## Activity
Among the entries that follow, locate the line with "Side view of" and the line with "Two people sitting". Output those lines and all lines in between, exactly, minus the pictures.

==== Records shown

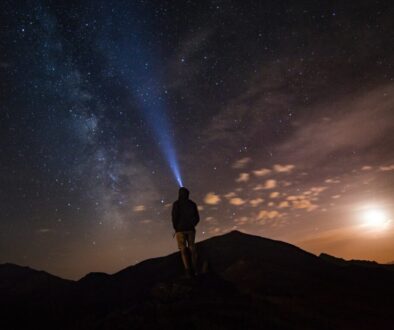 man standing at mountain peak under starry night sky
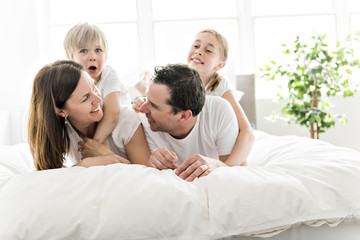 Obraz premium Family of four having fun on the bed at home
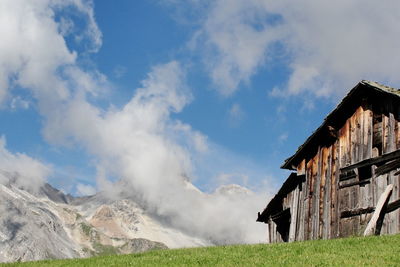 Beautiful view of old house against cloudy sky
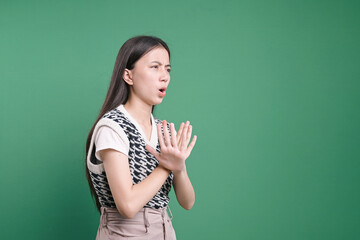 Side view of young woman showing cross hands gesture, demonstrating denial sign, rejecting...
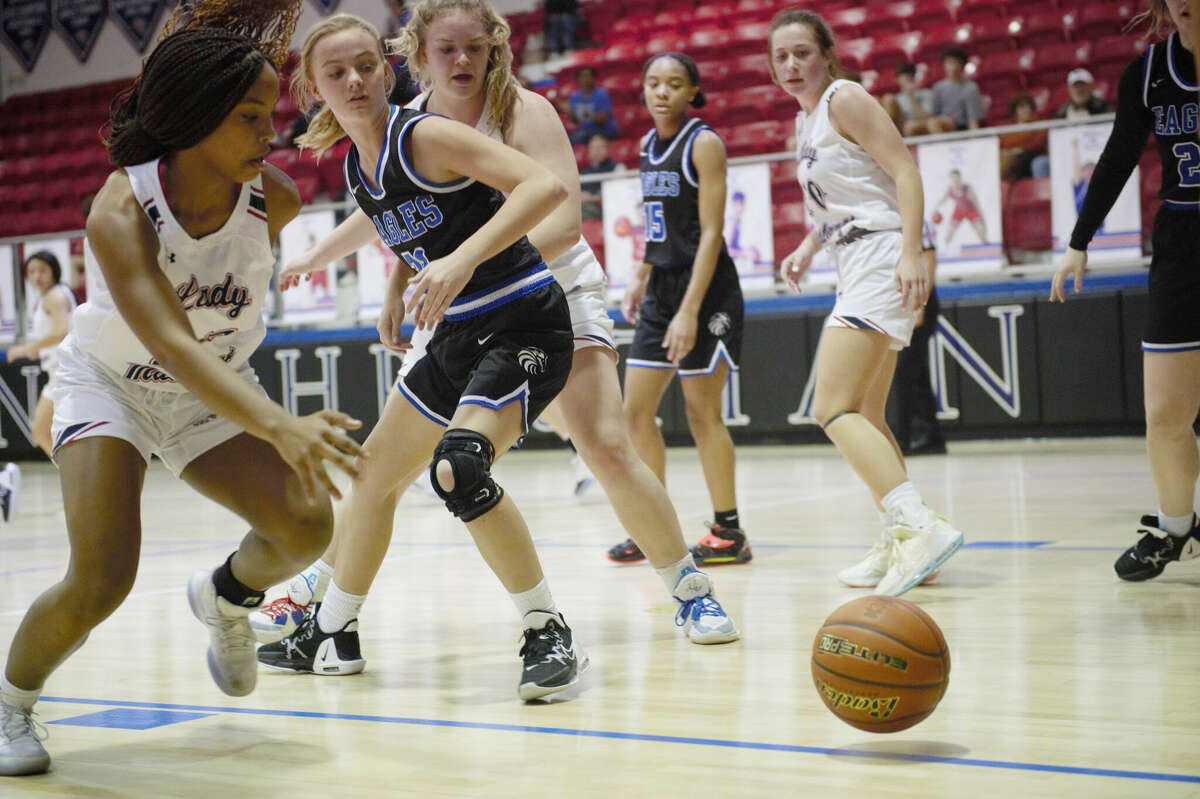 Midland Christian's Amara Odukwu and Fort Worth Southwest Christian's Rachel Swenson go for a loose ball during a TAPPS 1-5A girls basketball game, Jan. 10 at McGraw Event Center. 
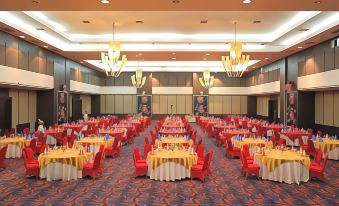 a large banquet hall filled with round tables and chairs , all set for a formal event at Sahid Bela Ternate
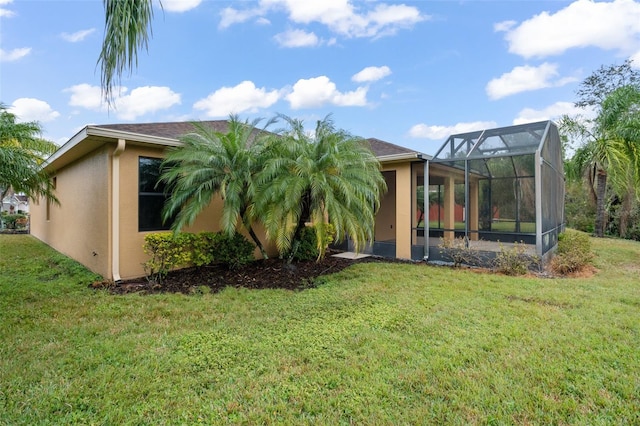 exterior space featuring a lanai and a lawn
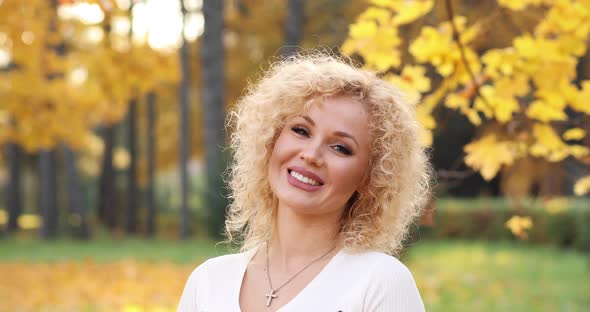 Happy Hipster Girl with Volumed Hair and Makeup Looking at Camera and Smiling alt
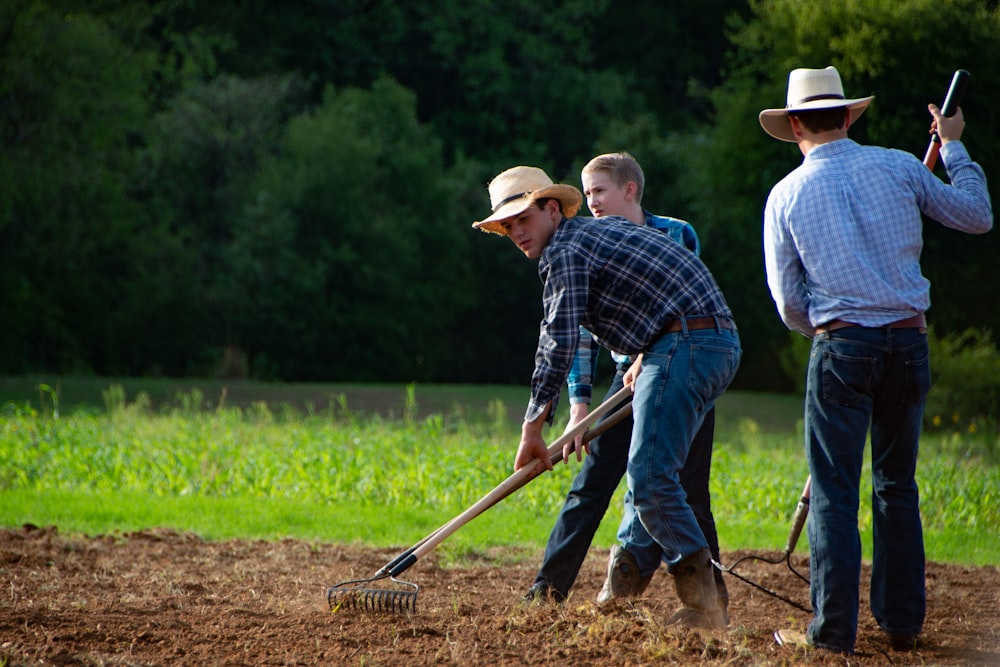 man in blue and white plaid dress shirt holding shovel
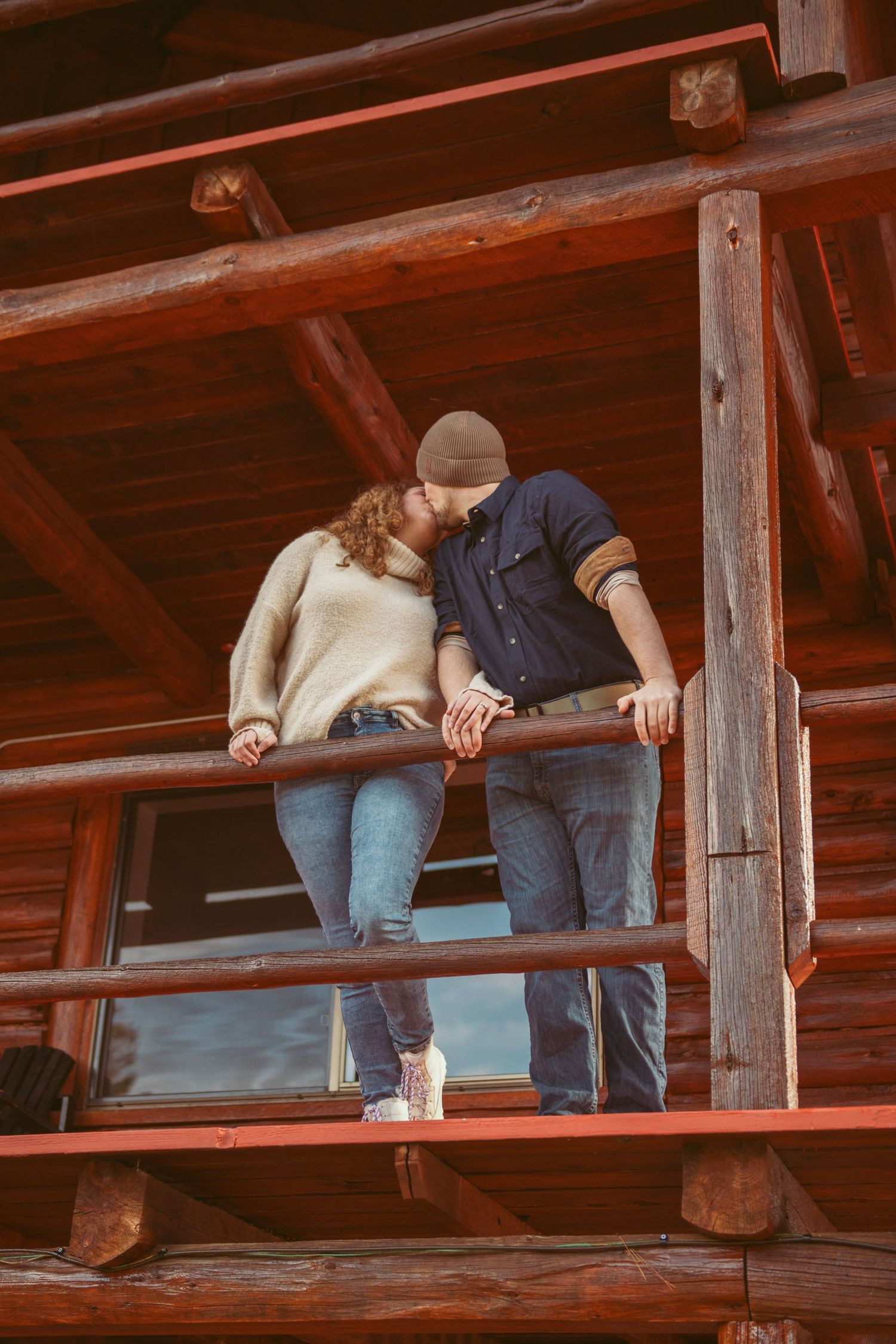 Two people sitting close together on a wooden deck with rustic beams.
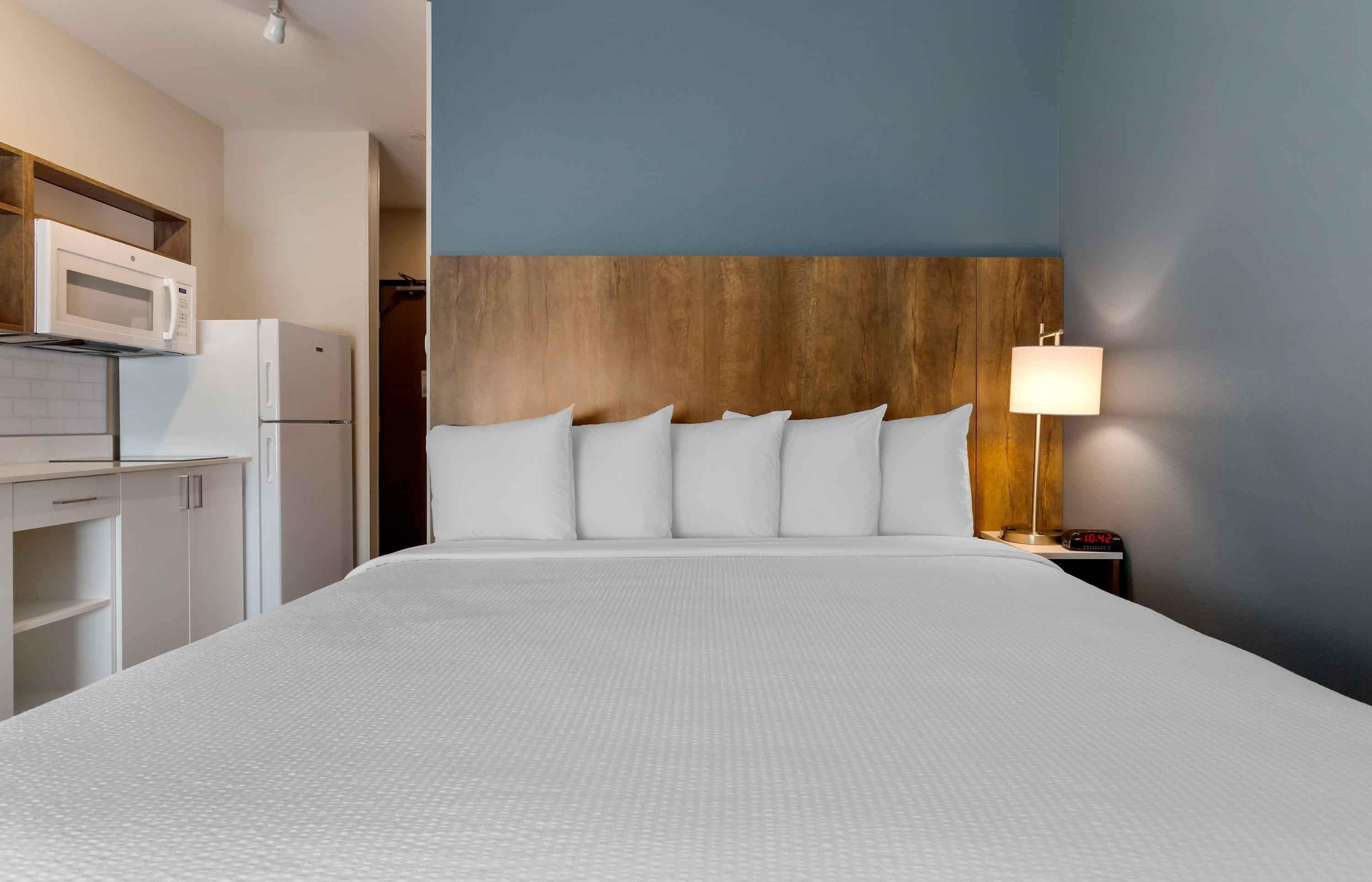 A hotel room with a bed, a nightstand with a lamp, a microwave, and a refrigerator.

========

## Written answer
 Side view of young woman showing cross hands gesture, demonstrating denial sign, rejecting...
 Midland Christian's Amara Odukwu and Fort Worth Southwest Christian's Rachel Swenson go for a loose ball during a TAPPS 1-5A girls basketball game, Jan. 10 at McGraw Event Center. 
 a large banquet hall filled with round tables and chairs , all set for a formal event at Sahid Bela Ternate
 exterior space featuring a lanai and a lawn
 Happy Hipster Girl with Volumed Hair and Makeup Looking at Camera and Smiling alt
 man in blue and white plaid dress shirt holding shovel
 Two people sitting close together on a wooden deck with rustic beams.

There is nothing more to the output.